The charge brought to the membrane surface by Ca^{2 +} is +400e, representing significant overcharging above the net − 300e charge carried by the lipids. This overcharging leads to the formation of a double layer containing the co-ion Cl⁻. It is notable that the Cl⁻ concentration in the double layer decays much more gradually when Mg²⁺ is present compared to Ca²⁺ (results not pictured here). When the divalent cations bind to the phosphate groups of PPIs, Mg²⁺ binds closer to PPI phosphate groups than Ca²⁺ but much more Ca²⁺ is present (figure 6). Simulations containing cholesterol have approximately 20% more bound Ca²⁺, however, these simulations also have an asymmetric composition in this study.

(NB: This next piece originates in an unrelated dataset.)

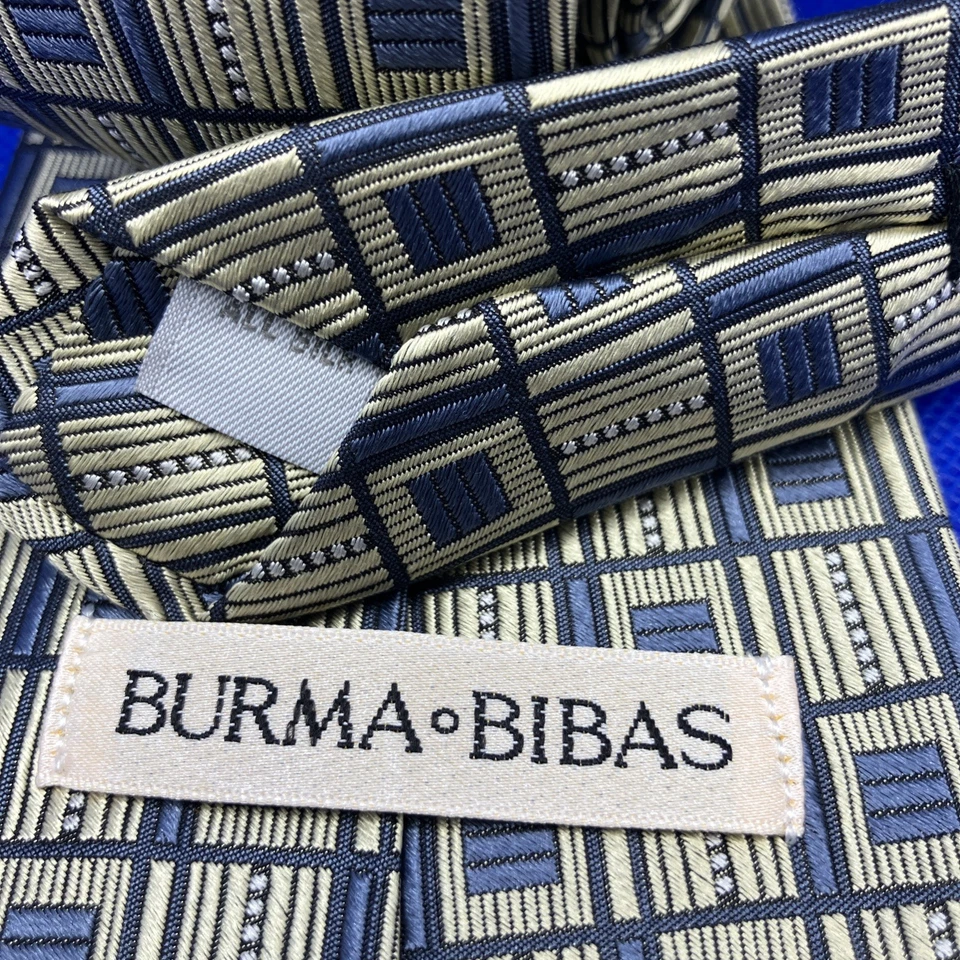 Мужской дизайнерский галстук BURMA BIBAS 100% шелк КЛЕТЧАТЫЙ желтый/синий 4 дюйма x 56 дюймов - Изображение 3 из 4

This charging effect, in tandem with the formation of cation-mediated 3-bridges, represents the driving force for much of the resulting redistribution of the lipids in this bilayer. The slow accumulation of Ca²⁺-driven 3-bridges, at the expense of 1- and 2-bridges, suggests the bilayer continues to undergo rearrangements as these nano-clusters develop. Coarse-grained models which account for both the condensed (Stern) and diffuse layers of cations at the lipid surface indicate that there is a cooperative effect in which cation binding is more favourable when lipids are clustered rather than dispersed [66]. These models suggest that the heightened N-bridges and resulting growth of lipid-lipid bond networks may proceed via feedback in which cations bind and enrich PIP₂, which attracts further cations as it forms larger or denser clusters.

4.2. Hydration

The strength of ion-lipid interactions is determined by the relationship between hydration and coordination of the ion in bulk coupled with the general geometry constraints from the membrane and the specific partial desolvation of the ion by PIP₂. Because Ca²⁺ and Mg²⁺ have different preferred coordination in bulk (with Mg²⁺ ranging 6− 8 and Ca²⁺ preferring octahedral 6 coordination) and corresponding hydration free energies, we expect this to influence their ability to incorporate a PIP₂ phosphate group in their first solvation shell. We find Mg²⁺ retains more water, with more ordering in its first hydration shell (see the electronic supplementary material, figure S1). The high hydration free energy of Mg²⁺ underlies its short-lived binding (see the electronic supplementary material, video SV2).

4.3. Ions drive rearrangements

Despite condensing on the phosphate groups of PIP₂, divalent cations do not significantly disrupt endogenous hydrogen bonds between lipids. It is not surprising that Ca²⁺ directly mediates a very large number of intermolecular salt bridges between headgroup atoms which combine to form N-bridges. The absence of large compensatory changes to lipid-lipid hydrogen bonds is evidence that Ca²⁺ acts as a ‘molecular glue’ by forming O − Ca²⁺ − O salt bridges at the level of the lipid headgroups. We attribute the differences in cluster formation, diffusion, and lipid area across conditions to ion-mediated lipid interactions. That the cation binding effect does not interfere with lipid-hydrogen bonding implies that these bonds are available for manipulation by other components, for example lysine-containing peptides, which may use them to stabilize further clustering when they are present [67].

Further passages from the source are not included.